Was wäre denn die gute alte Ultrabrutale ohne den auflockernden Gegenpol der Ultrasurrealen?
Es tauchten nämlich auch Stimmen auf die von
einer bildgewaltigen Vision sprachen welche an UNDER THE SKIN erinnert und nicht nur wegen Andrea Riseborough das MANDY Feeling heraufbeschwört sondern auch die Nackenhaare eines jeden räudigen Gorehounds der Interpretationsansätze scheut wie der Teufel das Weihwasser. Auch hier kann ich Entwarnung geben:
In einem Film in dem es um Auftragskiller geht die sich ins Unterbewusstsein ihrer Opfer einklinken um diese für ihre Morde fernzusteuern gibt es natürlich Stroboeffekte und visuelle Schnitt-Schnipsel. Hier gibt es dann einige recht toll getrickste weil handgemachte Bilder von ineinanderfließenden menschlichen Gesichtern die mehrdeutig zu lesen relativ schwierig sein wird.

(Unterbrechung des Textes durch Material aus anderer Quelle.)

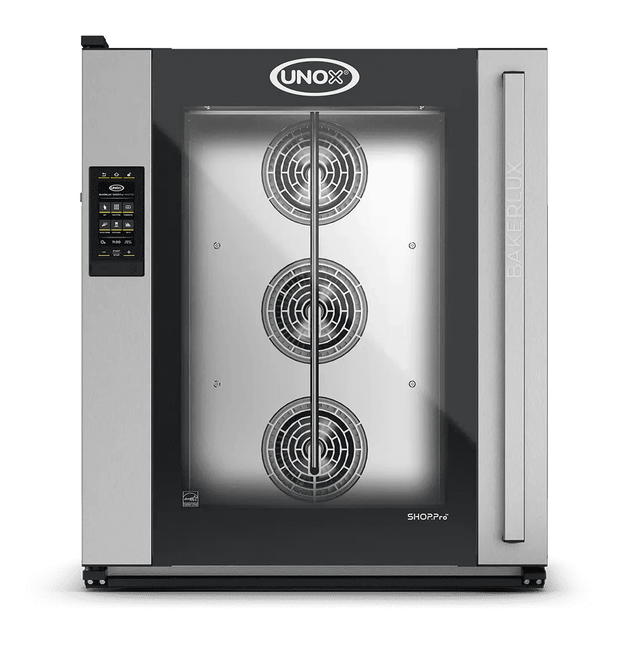 commercial-convection-with-humidity-oven-XEFR-10EU-EMRV-electric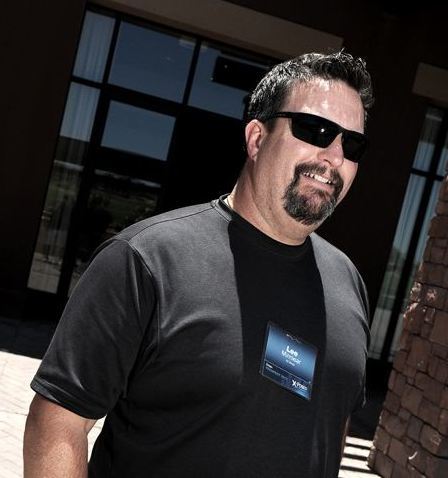 Director of Site Reliability Engineering for Productivity @GoDaddy.  Tweets represent my opinions only.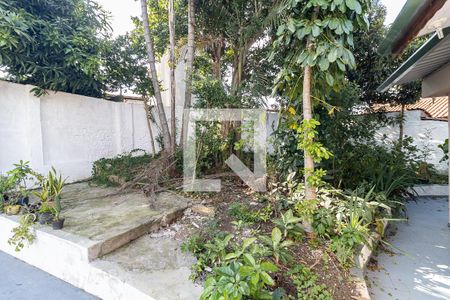 Casa à venda com 464m², 3 quartos e 4 vagasJardim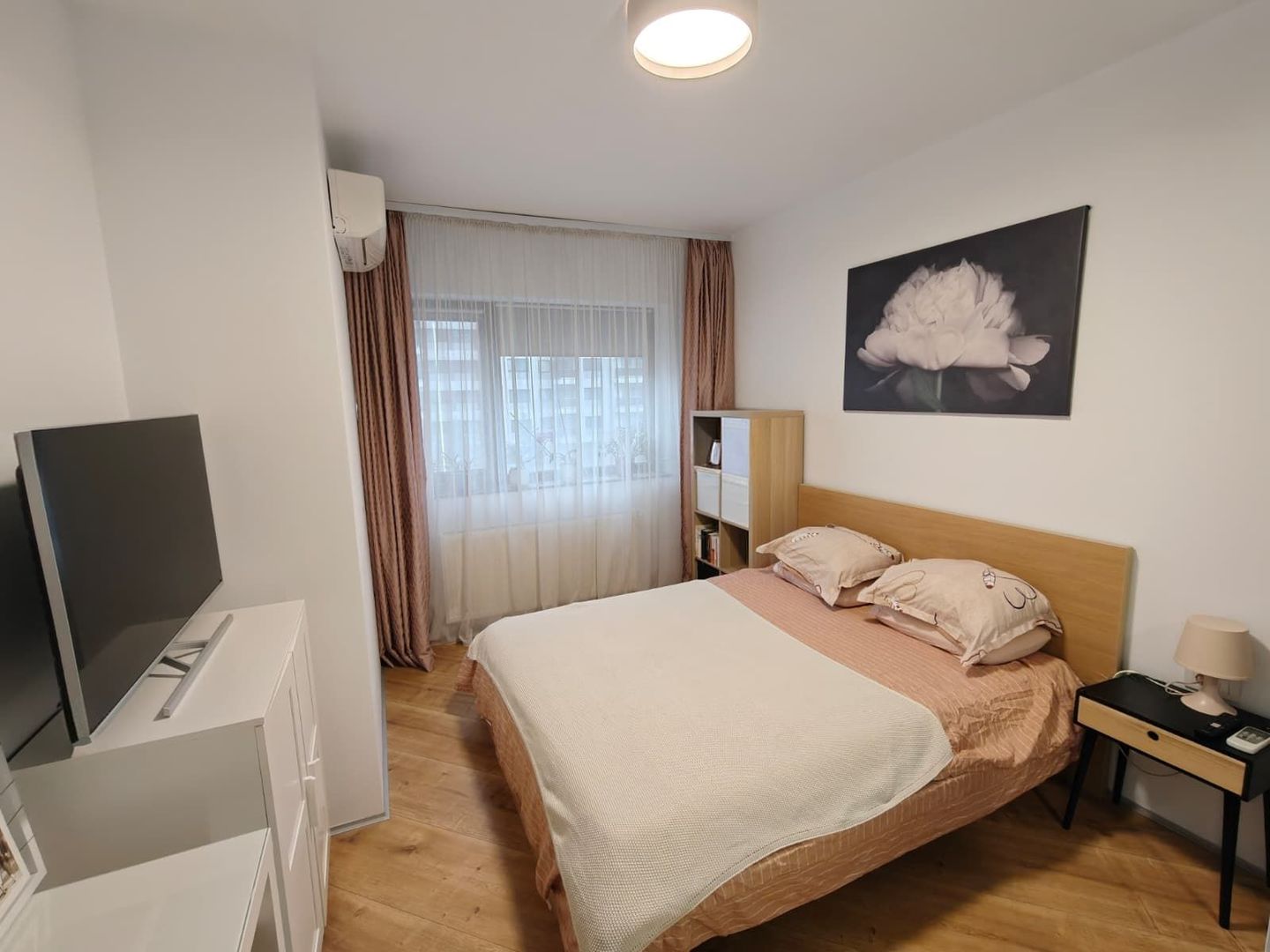 AP. 3 CAMERE - 4CITY NORTH, PARCARE INCLUSA, MOBILAT/UTILAT, COMIS 0% - Poză 7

Ich verstehe aber das Dualität manchmal überfordern kann vorallem wenn im Kontext des Films dann die beiden Hauptdarsteller anfangen mit der jeweiligen Stimme des Anderen zu sprechen während sie angestrengt in den Spiegel starren. Wer sich an solchen Stellen  alleingelassen fühlt und anfängt aus den Ohren zu bluten hatte wahrscheinlich auch seinen ersten Schlaganfall beim Kinobesuch von MATRIX weil man damals gegenüber seiner weiblichen Begleitung schlecht zugeben konnte das man sich schon beim Anblick der Lederjacken auf dem Plakat ein bisschen gegruselt hat, dieses Gefühl mittlerweile jedoch längst in Todesangst umgeschlagen ist.

DIAGNOSE:
Auch ohne die bereits angesprochene falsche Erwartungshaltung (für die ich ja Cronenzwerg nicht verantwortlich machen kann) hat sich mir in Bezug auf das Werk und den unvermeidlichen Vergleich mit dem Schaffen seines Vaters folgende Frage gestellt:
Sind Zynismus und das Body Horror Genre untrennbar?
Menschlichen Emotionen waren bei Senior Cronenberg doch auch immer der nötige Faktor und Auslöser für die verschiedenen Eskalationsstufen seiner Körperhorrors.
Emotion ist hier das Stichwort. Ich würde sogar soweit gehen und vielen seiner Werke einen eigenwilligen Humor unterstellen.
In den Filmen seines Sohnes ist hiervon nichts mehr übrig geblieben.
POSSESSOR ist wirklich kompetentes großartig gemachtes Blendwerk (mit dem ich eigentlich kein Problem hätte) welcher aber auf einer derartig drastischen "Pointe" endet die ihren abgrundtiefen Zynismus offen zur Schau stellt. Ich habe kein Problem damit wenn man seinen Film mit einem Tiefschlag in die Magengrube beenden will sofern er sich diesen auch verdient hat.
Brandon Cronenberg hat es aber nicht so mit den Tiefschlägen.
Kurz vor der Schwarzblende tritt er dir lieber kräftig in die Eier und während du zu Boden gehst spuckt er dir noch auf den Kopf.
Seltsamerweise scheint er das lustig zu finden.